Club’s Legacy Is Growing, but Its Membership Is Shrinking
Hard as it is to accept in time of uncertain war, domestic life goes on, as our President has said it should.
And nowhere would it seem more fitting than at the Tuesday Afternoon Club, whose halls resounded with the gaiety of 1,400 women during the Tuesdays of World War II, each playing the role given her during that great event.
Thirty-six of the women who sustain the Tuesday Afternoon tradition were present this week. It wasn’t a regular meeting, which falls on the second Tuesday of each month, but a ways and means affair, said the club’s two-term president, Mrs. E. J. Willmering, or just Irene. She first served 12 years ago, and her turn has come again.
“You’ve heard of recycling?” she said, getting right to the point of her status and the club’s. “This is recycled president.”
As the women, all elderly or nearly so, arrived, paid for their tickets and took their seats, she put aside her official duty to tell me the story of the club.
It started with a birthday tea party in 1898 that became a regular occasion for more and more women. In 1904, they organized as a club. In 1908, they received a state charter as a literary, social, educational and cultural club. The clubhouse at Central Avenue and Lexington Drive was completed in 1925.
In the early years, the women put their energies together to found the city’s first library and help form the symphony orchestra.
The club peaked during the war when, its president said, women “couldn’t get out of town.” It retained enough vigor through the next three decades to rebuild two blocks to the south, when Glendale Savings bought the original clubhouse in 1975 to expand.
Though the club’s legacy has grown ever stronger in the public libraries and the symphony, the club itself is now distinctly on the wane. For lack of juniors, its junior program was abandoned. New members are not being found.
“We’d like to,” Willmering said. “But the problem seems to be everybody is working. Glendale is so saturated with volunteer groups. It’s hard to get people to come into something like this.”
Last spring, with membership down to about 130, the club changed its bylaws, allowing husbands to become members. Three joined.
“Sounds like a doomsday thing,” Willmering said, smiling painfully but not in resignation.
Club life, she said, still revolves around philanthropy, education and society. The women give seven scholarships a year, meet for bridge every third Monday and hold programs in nine departments, from Musicale Theatre Arts to Current Interest and Book Review.

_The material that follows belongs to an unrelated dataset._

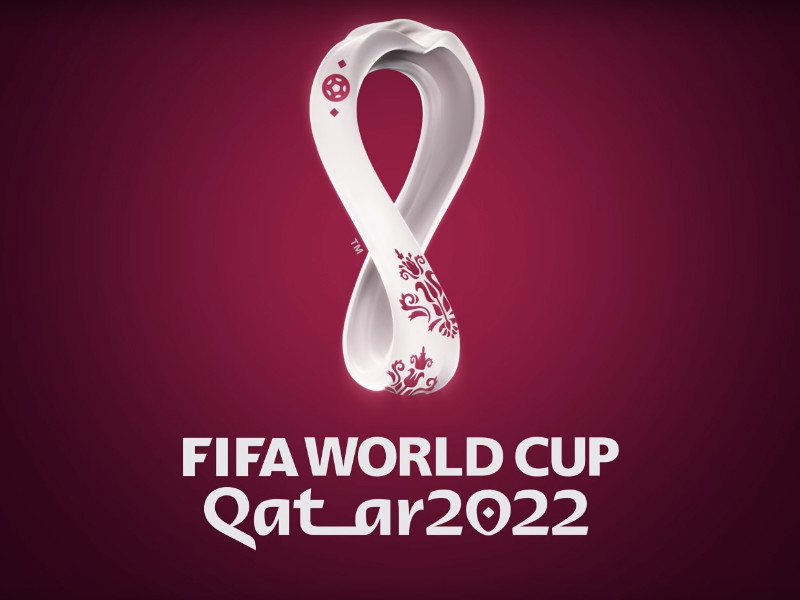 Международная федерация футбола (ФИФА) представила официальную эмблему ближайшего чемпионата мира, который пройдет в Катаре в 2022 году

Returning to her duty, the president left me with the scrapbook from her first term.
It was filled with photos and newspaper clippings recalling the club’s past.
“Picture Glendale back in the unhurried, unworried world of 1904,” began a retrospective by Glendale News-Press columnist Wanda Owen.
“The city with its orange groves and sparkling clean air was a bedroom community, pushing for 300 residents, including children. . . . There was one store, one church, a livery barn, a blacksmith shop and one meat market.
“There were homes, though, and fathers and mothers and children. Even in 1904, Glendale had a charm all its own.”
Four years later, the young city had grown to 2,000. But, in another anniversary retrospective, Owen didn’t have much new to add.
“The livin’ was easy in Glendale 70 years ago. . . . “ she wrote. “There were one funeral director, two drugstores, two bakeries and one bookstore in town. . . . There were two hotels, two boardinghouses and seven churches in the city that year--the year the Tuesday Afternoon Club received its charter.”
By the time I had finished with the book, the women, seated four to a card table, had eaten lunch. Before the program began, the program chairman, Mrs. Jake Main, asked if the president had anything to say.
“Not a thing,” Willmering replied.
The program, called “A Furry Fantasy,” was a fashion show by two women who restyle old furs.
“Some of you have probably seen this show before,” said Pat Gault, owner of PAGS of Malibu. “If you have, just take a little nap. We’ll wake you up when it’s over.”
But the audience remained intent as Gault and her partner modeled dozens of minks, foxes and martens that they had reshaped from their original over-extravagance into cute little vests, cuffs, hats and purses in knit and leather combinations.
With patches of Velcro, they even devised practical uses for the heads and tails that, Gault noted, had so pleased the Vanderbilt ladies.
“If you happen to be skiing, take the fur tails and hook them together and you have a hat,” Gault said. “Just have to have a little imagination and a little fun.”
Afterward, the women gathered around the speakers and fur rack.
Most of them, it seemed, did have a few fur treasures at home, things retained from a time when women used their husbands’ names, talked literature over tea, and gave their time and money to an ideal of the community good.
You can still picture Glendale as an unhurried, unworried world: every second Tuesday at the club.